> _Required action_:
Please copy every record below exactly, but leave the pictures out.

> _Information provided_:
= = =
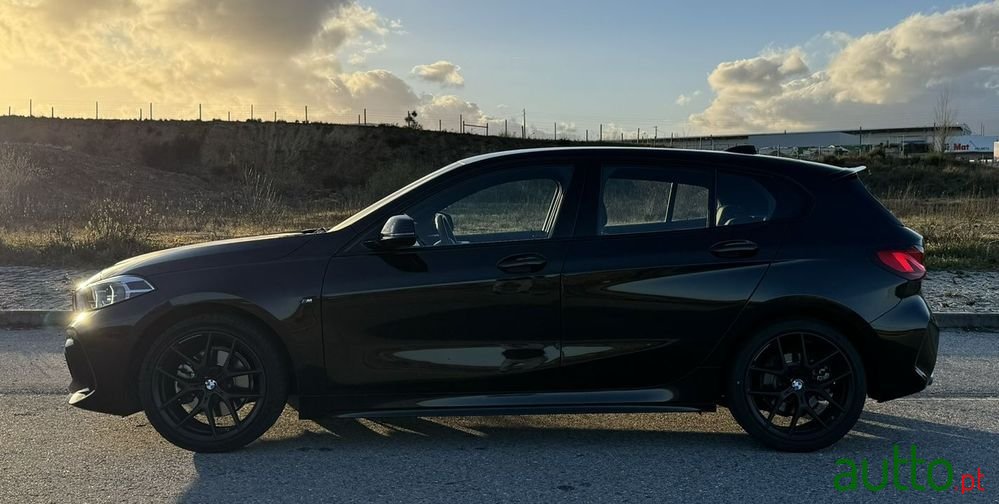 2022' BMW 116 D Pack M photo #4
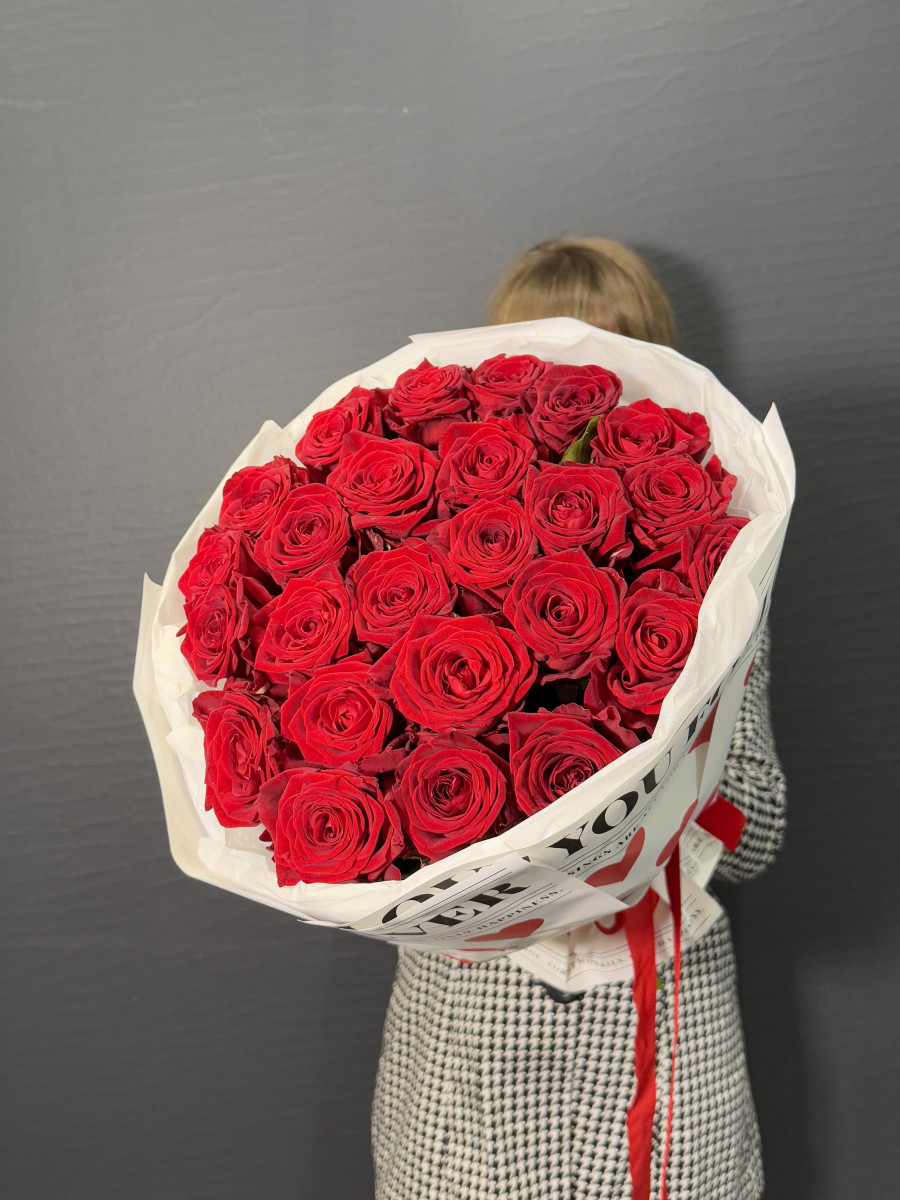 Букет из роз сорта Рэд Наоми(Red Naomi) "Нежность в сердце"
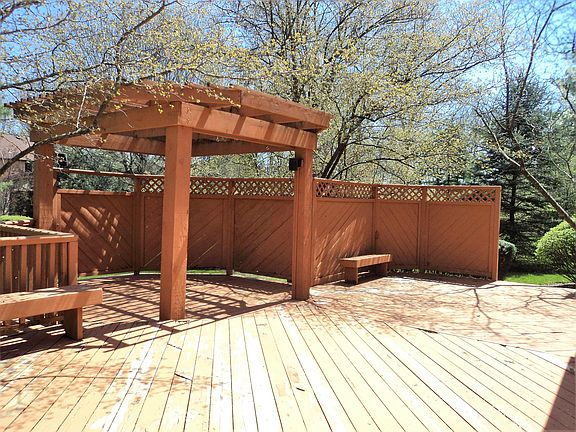 4th image of 13060 Heatherstone Cir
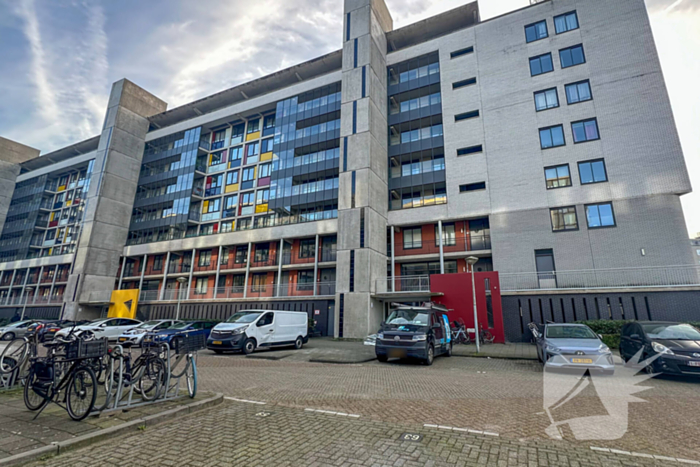 Ingang van portiekflat aan diggelen door explosie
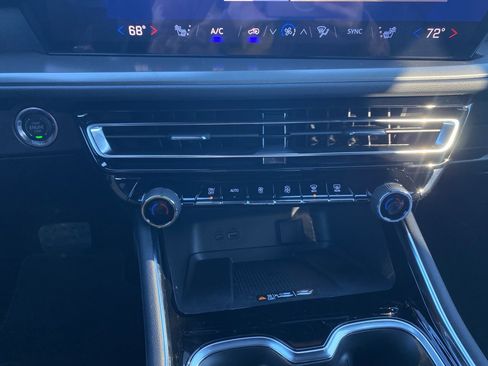 New 2026 Chevrolet Traverse LT w/ Midnight/Sport Edition image 30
= = =
> _Result below_:
 2022' BMW 116 D Pack M photo #4
 Букет из роз сорта Рэд Наоми(Red Naomi) "Нежность в сердце"
 4th image of 13060 Heatherstone Cir
 Ingang van portiekflat aan diggelen door explosie
 New 2026 Chevrolet Traverse LT w/ Midnight/Sport Edition image 30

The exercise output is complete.